Malgré la présence de quelques comparses chevelus aptes à comprendre Jay Mascis (Bob Pollard de Guided By Voices chante sur trois titres et Kevin Shields de feu My Bloody Valentine ajoute un peu de feedback dans tout ça, comme à son habitude), More light est bien un disque solo. On ne sera pas étonné de constater que les onze titres du disque se caractérisent avant tout par leur mélancolie. Malgré quelques solos vraiment rock’n’roll (qui lui ont valu moult sourires et qui pourtant sont l’essence même de sa musique), on a affaire à des chansons qui sont avant tout des ballades -et qui gagneraient à être un jour dépouillées de toute cette électricité. Du piano et des cordes sur Waistin, du banjo sur Can’t I take this on, des chœurs et du tambourin sur Where you’d go rappellent bien que More light est inspiré par les groupes qui tiennent à cœur à Mascis, à savoir les Stooges (pour la furie) et les Zombies (pour les mélodies). Faire un peu son Cheap Trick sur Back before you go (tous ces titres sur l’absence, le départ, l’attente !) ne l’empêche pas de faire du pur Neil Young sur Ground me to you, soit les tourments de l’adolescence dits par une voix adulte (ou l’inverse).

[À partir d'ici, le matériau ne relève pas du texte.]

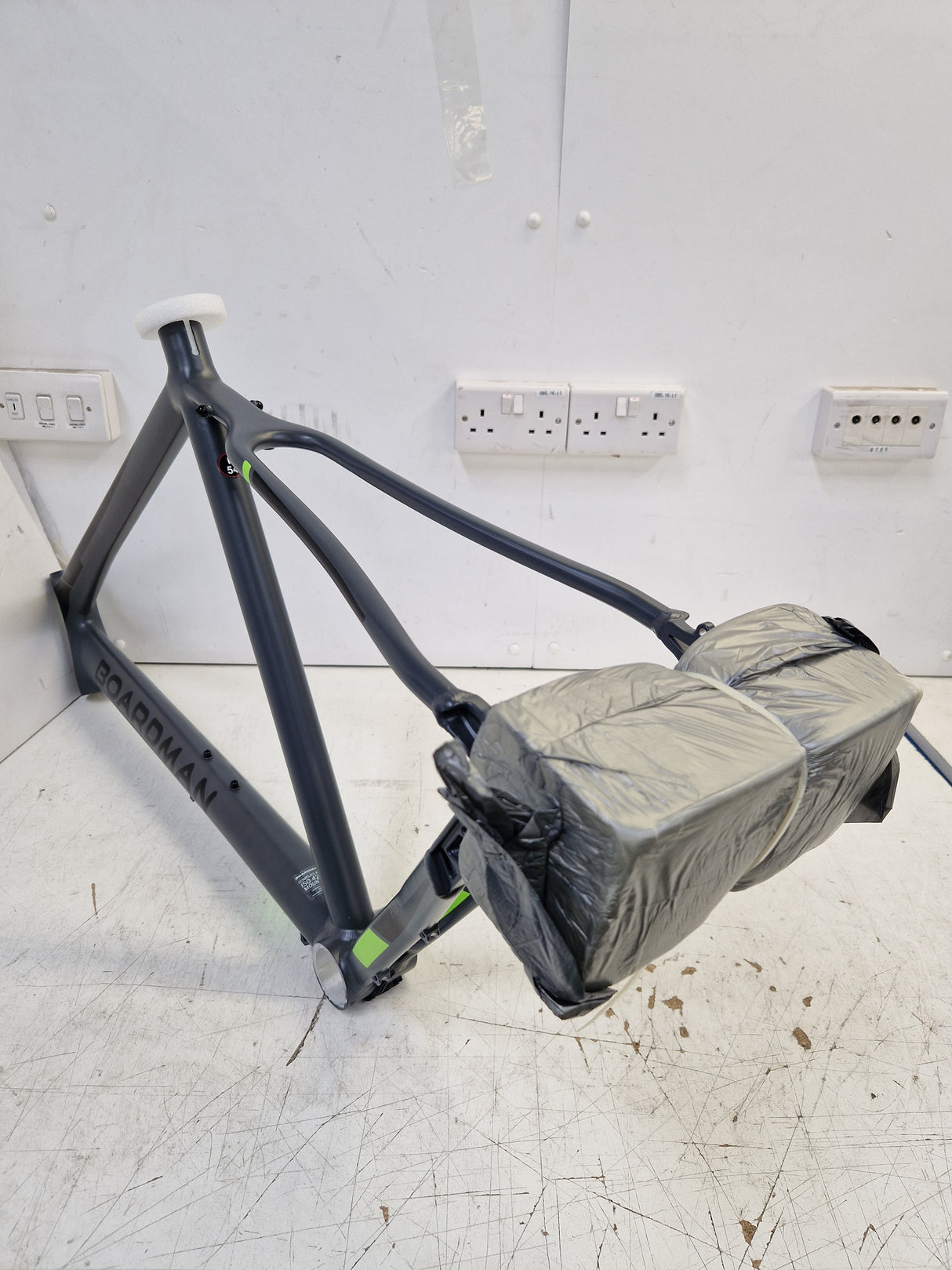 Boardman HYB Pro 2017 Hybrid Bike Lightweight Alloy Frame Only 54cm - Grey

Bien sûr, ce ne sont pas quelques années de plus qui vont l’empêcher de truffer ses chansons de passages héroïques typiques du rock FM américain (non sans un brin d’autodérision d’ailleurs) comme sur l’étrange I’m not fine (on avait remarqué), affublé d’un solo dont on croyait seul Buckethead capable (autre guitariste seul, en passant). On l’aura compris, More light est un disque sombre, qui se termine d’ailleurs dans un maelström de guitares fuzz en furie (qui évoquent le Sonic Youth de Daydream Nation), comme si Mascis voulait prouver qu’il sait encore faire du bruit. On confirme : il sait encore, et à bon escient ! Ce qui fait que ses chansons, aussi bonnes qu’avant, peuvent encore séduire du monde.
Aujourd’hui, J Mascis a un chien, une villa, un studio d’enregistrement pour lui tout seul et une poignée de fans irréductibles. Si vous en faites partie, ce disque enchanteur et nostalgique est pour vous.